◆ **Description of the task**
Every record below should be printed exactly, except for the pictures.

◆ **Provided data**
-=-=-
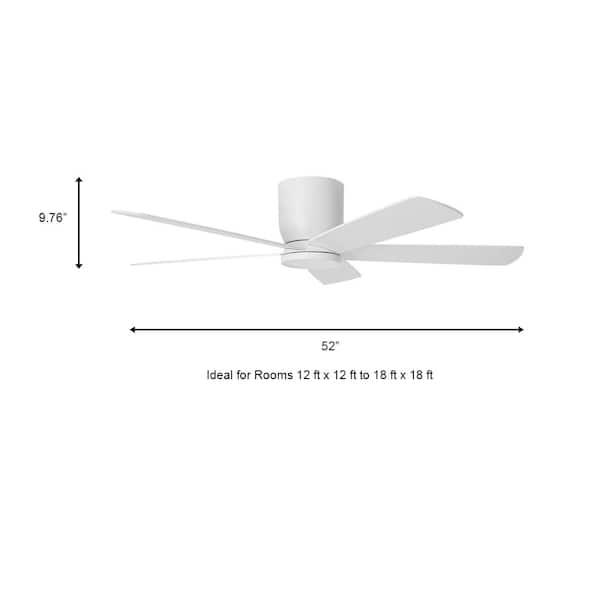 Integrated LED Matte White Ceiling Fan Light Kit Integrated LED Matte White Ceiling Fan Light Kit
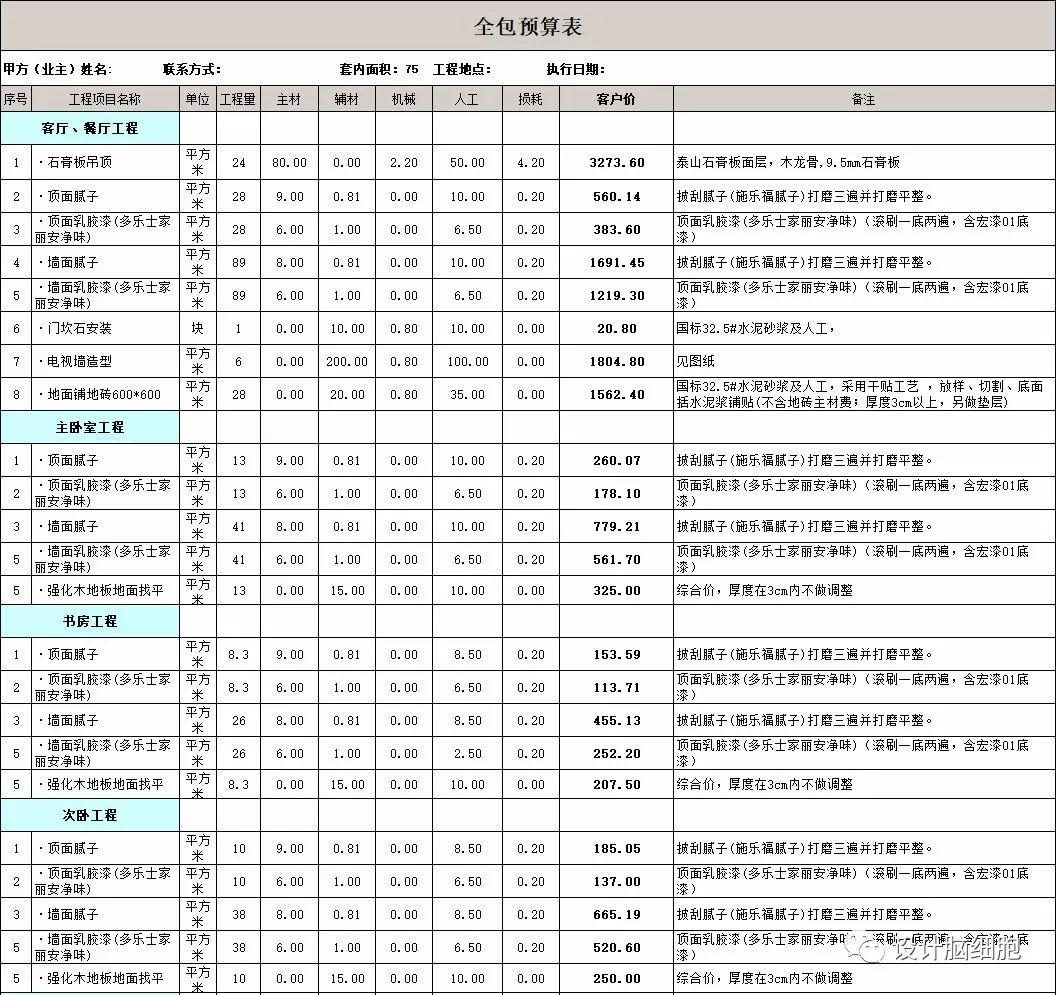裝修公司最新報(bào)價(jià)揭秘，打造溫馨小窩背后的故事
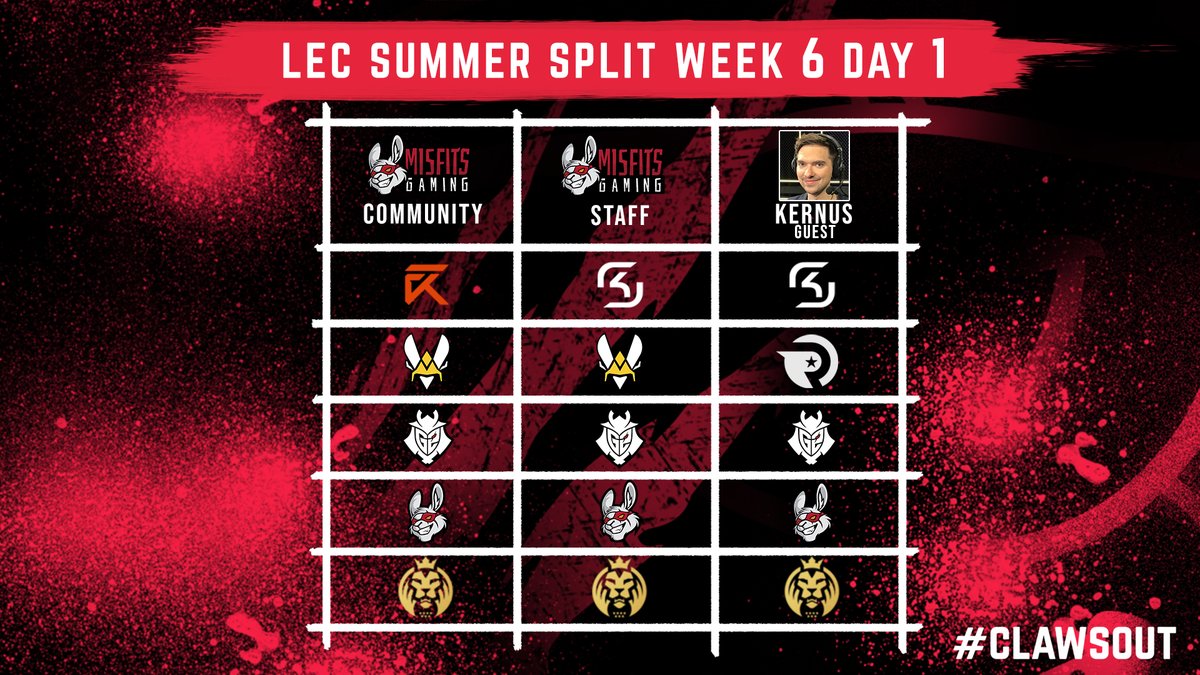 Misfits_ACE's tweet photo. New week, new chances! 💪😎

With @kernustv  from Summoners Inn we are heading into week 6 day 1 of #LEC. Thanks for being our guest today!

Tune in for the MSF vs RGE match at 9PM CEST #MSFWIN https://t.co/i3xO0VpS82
-=-=-
◆ **Expected answer**
 Integrated LED Matte White Ceiling Fan Light Kit Integrated LED Matte White Ceiling Fan Light Kit
裝修公司最新報(bào)價(jià)揭秘，打造溫馨小窩背后的故事
 Misfits_ACE's tweet photo. New week, new chances! 💪😎

With @kernustv  from Summoners Inn we are heading into week 6 day 1 of #LEC. Thanks for being our guest today!

Tune in for the MSF vs RGE match at 9PM CEST #MSFWIN https://t.co/i3xO0VpS82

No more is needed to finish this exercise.